Russian President Vladimir Putin appeared to seize on the growing U.S. split October 27, saying Russia opposes not the West, but “Western elites.” Russia embraces the West of “traditional, mainly Christian values,” he said. But, he added, “there’s another West — aggressive, cosmopolitan, neocolonial, acting as the weapon of the neoliberal elite,” as the New York Timesreported, seeking to force its “pretty strange” values around the globe.

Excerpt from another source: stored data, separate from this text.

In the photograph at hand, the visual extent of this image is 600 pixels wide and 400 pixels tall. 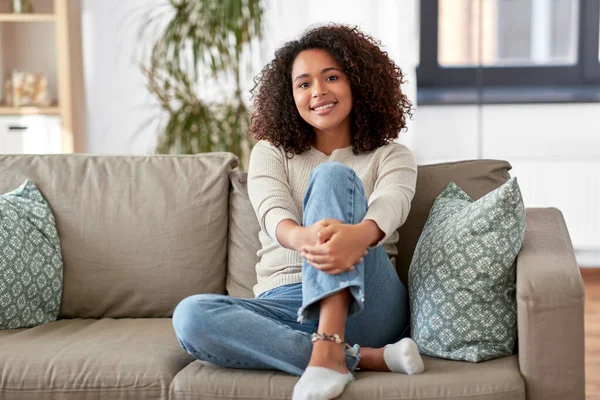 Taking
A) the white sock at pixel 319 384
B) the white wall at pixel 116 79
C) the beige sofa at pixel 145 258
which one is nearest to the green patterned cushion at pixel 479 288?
the beige sofa at pixel 145 258

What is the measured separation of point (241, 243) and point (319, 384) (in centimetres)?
69

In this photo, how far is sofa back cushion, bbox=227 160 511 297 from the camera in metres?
2.33

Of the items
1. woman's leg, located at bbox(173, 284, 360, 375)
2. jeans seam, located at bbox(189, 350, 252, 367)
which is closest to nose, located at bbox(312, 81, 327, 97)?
woman's leg, located at bbox(173, 284, 360, 375)

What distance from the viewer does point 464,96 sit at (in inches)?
168

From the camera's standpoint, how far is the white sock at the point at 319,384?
5.79ft

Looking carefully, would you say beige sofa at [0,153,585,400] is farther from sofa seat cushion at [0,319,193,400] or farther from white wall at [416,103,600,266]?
white wall at [416,103,600,266]

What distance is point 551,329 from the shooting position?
1.82 metres

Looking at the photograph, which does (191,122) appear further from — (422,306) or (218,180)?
(422,306)

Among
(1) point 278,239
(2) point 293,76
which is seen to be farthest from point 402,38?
(1) point 278,239

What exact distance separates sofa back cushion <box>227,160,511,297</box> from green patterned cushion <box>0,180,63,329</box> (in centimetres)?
47

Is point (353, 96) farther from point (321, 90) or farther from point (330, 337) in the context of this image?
point (330, 337)

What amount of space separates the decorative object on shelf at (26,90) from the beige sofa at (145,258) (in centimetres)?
172

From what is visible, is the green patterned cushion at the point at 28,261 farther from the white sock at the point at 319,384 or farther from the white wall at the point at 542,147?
the white wall at the point at 542,147

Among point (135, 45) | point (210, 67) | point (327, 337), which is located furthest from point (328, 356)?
point (135, 45)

The Democrats’ letter also sounded a lot like Anatoly Antonov, Russia’s ambassador to Washington. “We need negotiations where we can define the shape of world order,” he said October 20. “Such an idea exists in some progressive circles in the United States of America.”

Democracies can bend like willows in the wind when it comes to war (and pretty much anything else). Dictators don’t have to deal with such inconveniences. That’s something worth pondering before giving Putin one square inch of the Ukrainian territory he has taken since 2014 while killing thousands of innocent Ukrainians along the way.

WHAT WE’RE READING

Here’s what has caught The Bunker’s eye recently

Ahoy?

The Navy is 9,000 sailors short, Heather Mongilio of USNI News reported October 25. The next day, she reported that the service has kicked out nearly 2,000 sailors for refusing COVID shots.

Senatorial courtesy

The Senate has approved an amendment to the 2023 defense policy bill that will boost Defense Department contracts, supposedly to account for inflation. It acted even though the Pentagon has not yet verified inflation’s impact, nor has it publicly pushed for such increases, Julia Gledhill of the POGO’s Center for Defense Information wrote October 27.

Chinese checkers

In the latest example of U.S. multi-service cooperation, Air Force B-1 bombers recently trained to drop ship-and-sub-killing mines somewhere in the Indo-Pacific theater, Air and Space Forces Magazine reported October 27. “MineX missions require close coordination and integration between the Navy and the Air Force,” one commander pointed out.